EXERCISE MATERIAL >>
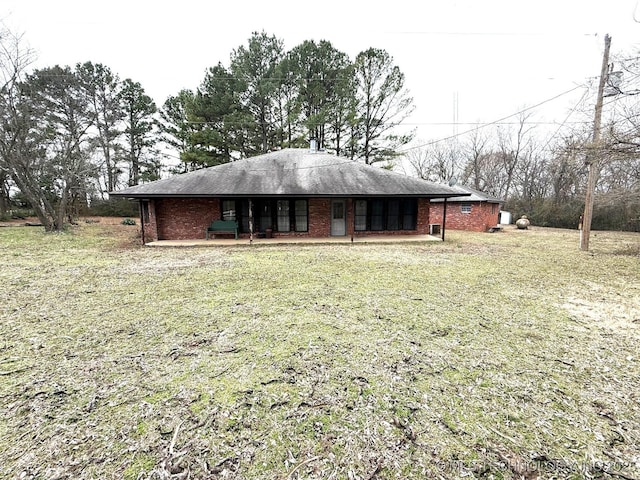 back of house featuring brick siding and a lawn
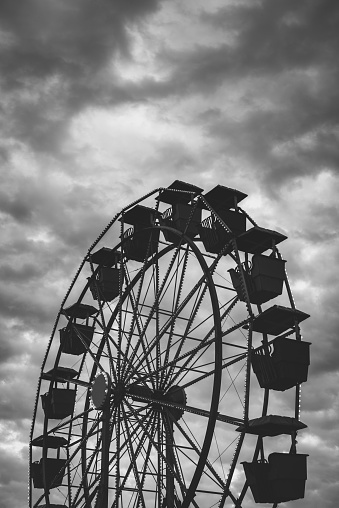 A ferris wheel is silhouetted against dramatic evening skies.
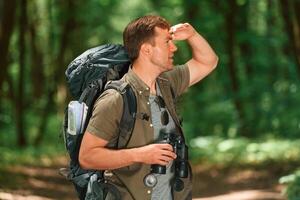 Navigation ,conception. With binoculars. Tourist in summer forest photo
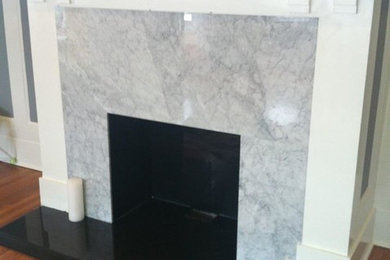 Example of a living room design in New York with a standard fireplace and a stone fireplace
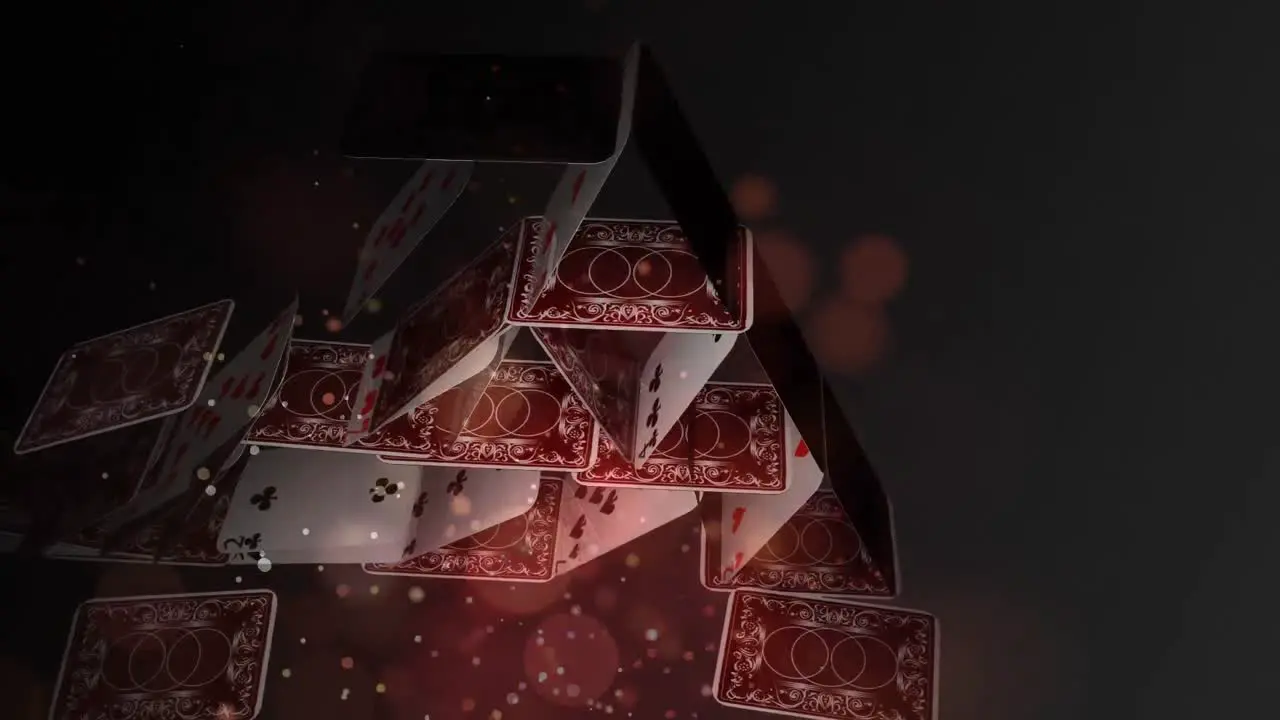 Card pyramid collapsing on a dark background with lights animation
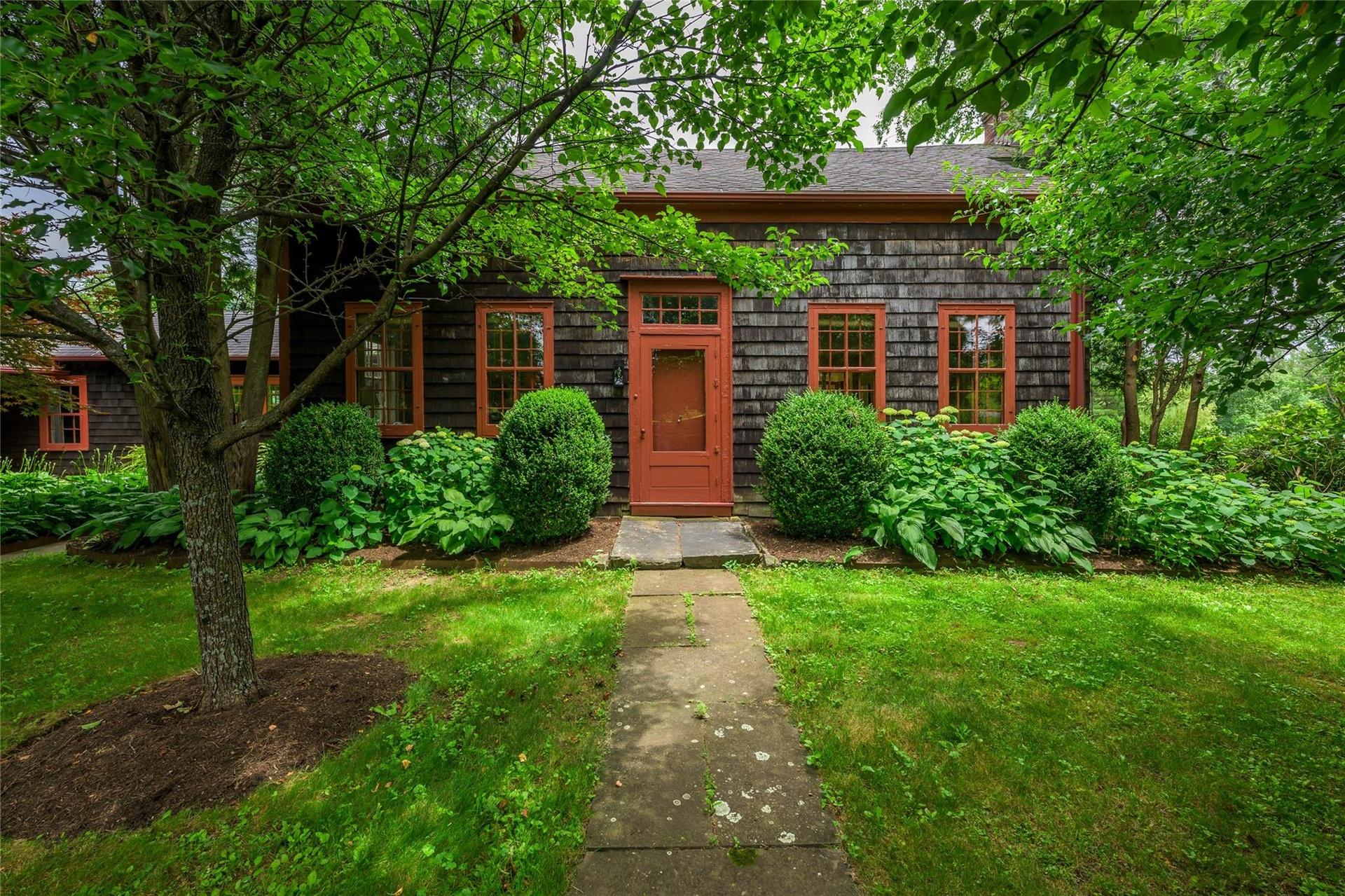 View of front of property featuring a shingled roof and a front yard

WHAT THE TASK ASKS >> Every record gets retyped exactly; no picture goes into the copy.

SOLUTION FOR THIS PROBLEM >>
 back of house featuring brick siding and a lawn
 A ferris wheel is silhouetted against dramatic evening skies.
 Navigation ,conception. With binoculars. Tourist in summer forest photo
 Example of a living room design in New York with a standard fireplace and a stone fireplace
 Card pyramid collapsing on a dark background with lights animation
 View of front of property featuring a shingled roof and a front yard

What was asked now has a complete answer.